Senate bill stalls; talks continue

A Democratic bill that would impose limits on institutional investments in energy commodities failed to pass a procedural vote in the Senate this morning, but aides to Democratic and Republican Senate leaders said they would continue working through the weekend toward a compromise that could clear the way for a full vote, according to Pensions & Investments.

The legislation, introduced by Senate Majority Leader Harry Reid, D-Nev., and other Senate Democrats on July 15, has been stalled by a dispute between Senate Democrats and Republicans about what other provisions besides speculation limits should be included in the bill.

Also yesterday, the $230.2 billion California Public Employees’ Retirement System, Sacramento, made clear to federal legislators that it opposes any effort to limit commodities investments.

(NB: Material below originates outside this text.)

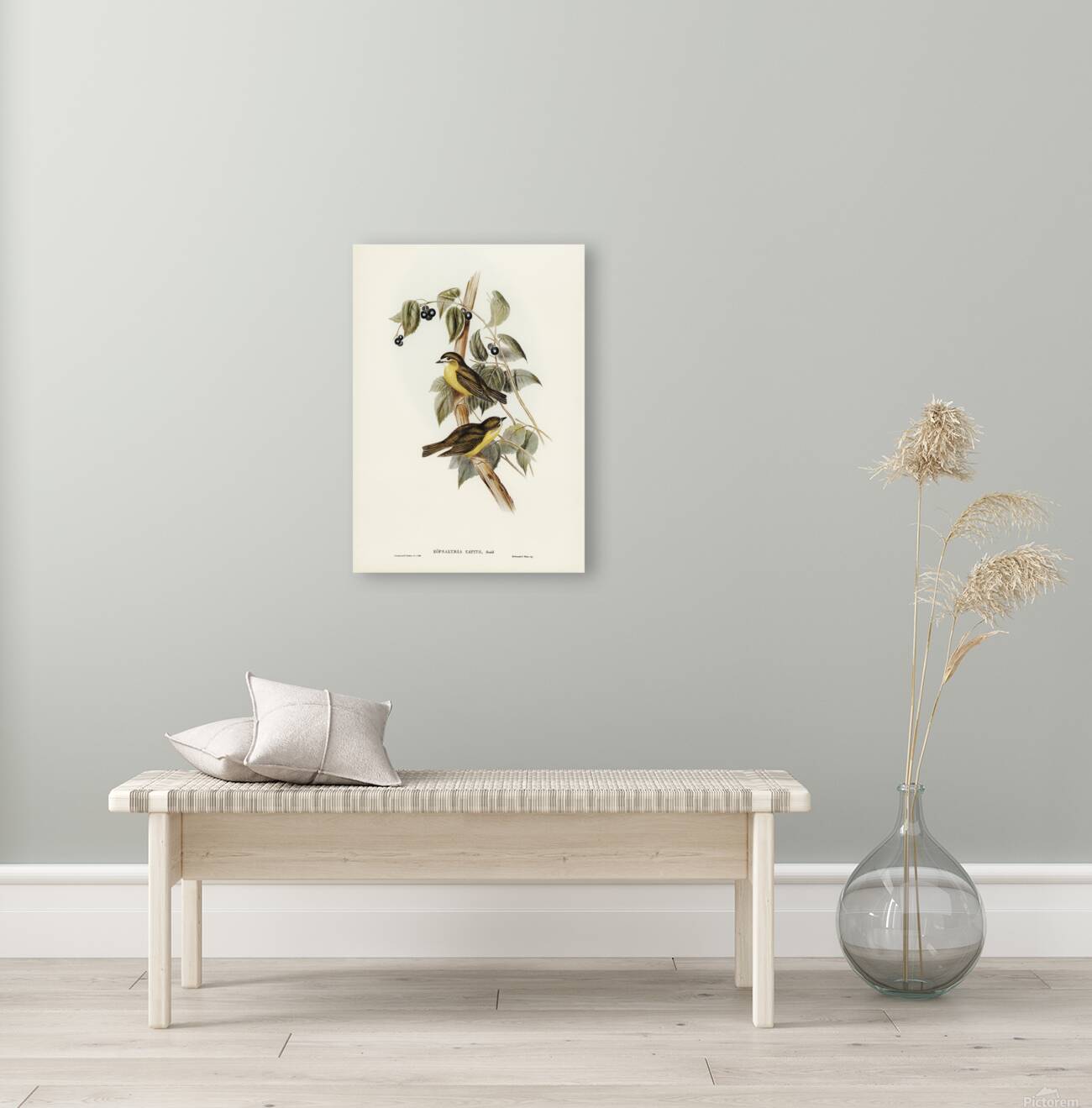 Pale Yellow Robin Reproduction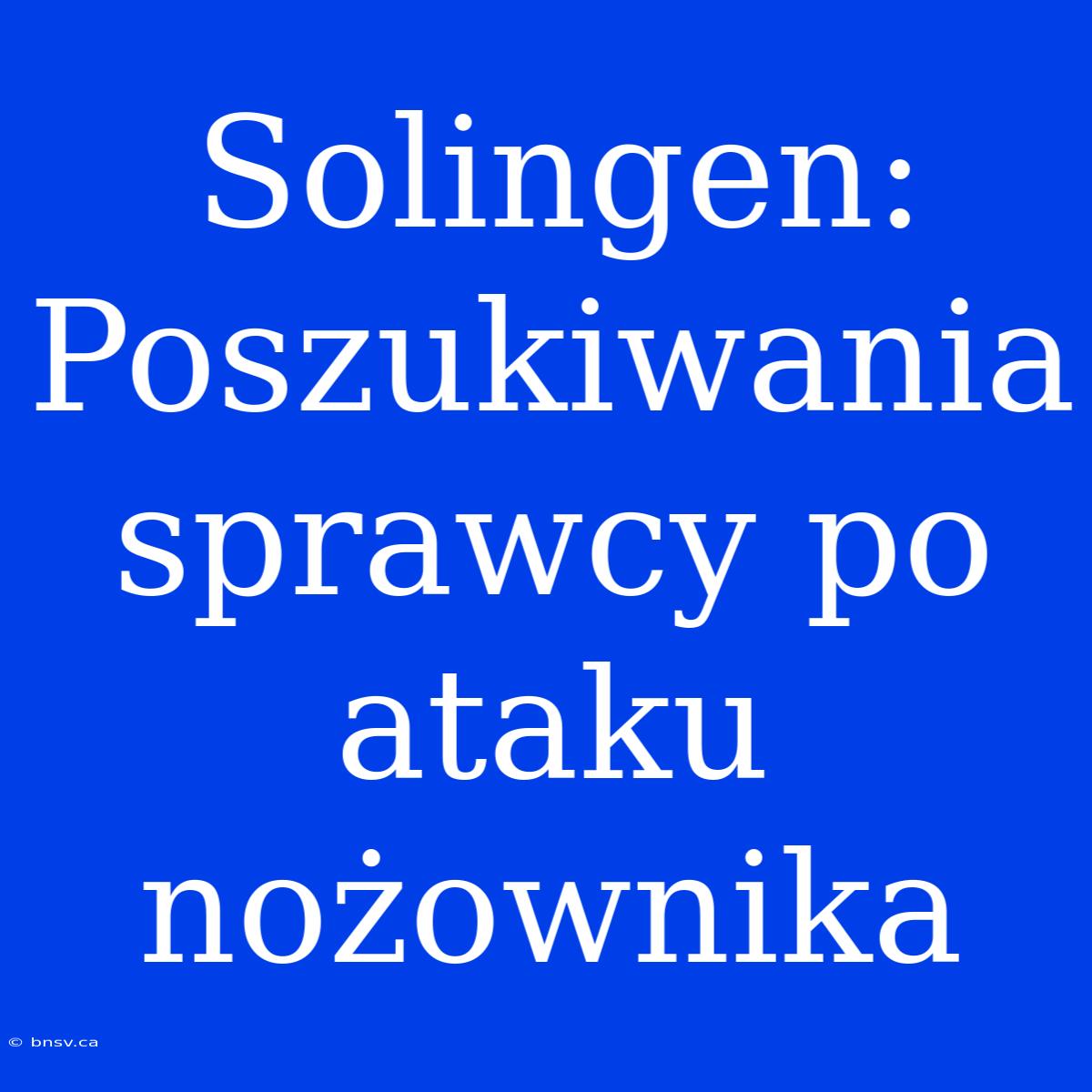 Solingen: Poszukiwania Sprawcy Po Ataku Nożownika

“CalPERS stands ready to work with the Congress and with the CFTC to respond to abusive market practices,” according to a CalPERS statement sent to legislators. “However, CalPERS strongly opposes legislation that would either directly or indirectly prohibit and/or unnecessarily limit sophisticated institutional investors from investing in commodity-based securities.

“Federally mandated restriction on our ability to fully exercise our fiduciary responsibility would establish a dangerous precedent impacting countless institutional investors to the detriment of millions of workers, retirees and their beneficiaries, plan sponsors and the overall U.S. economy,” CalPERS said.

On Thursday, the House Agriculture Committee approved legislation that also addresses commodity speculation but has no pension fund investment limits. That measure now goes to the House floor for a vote.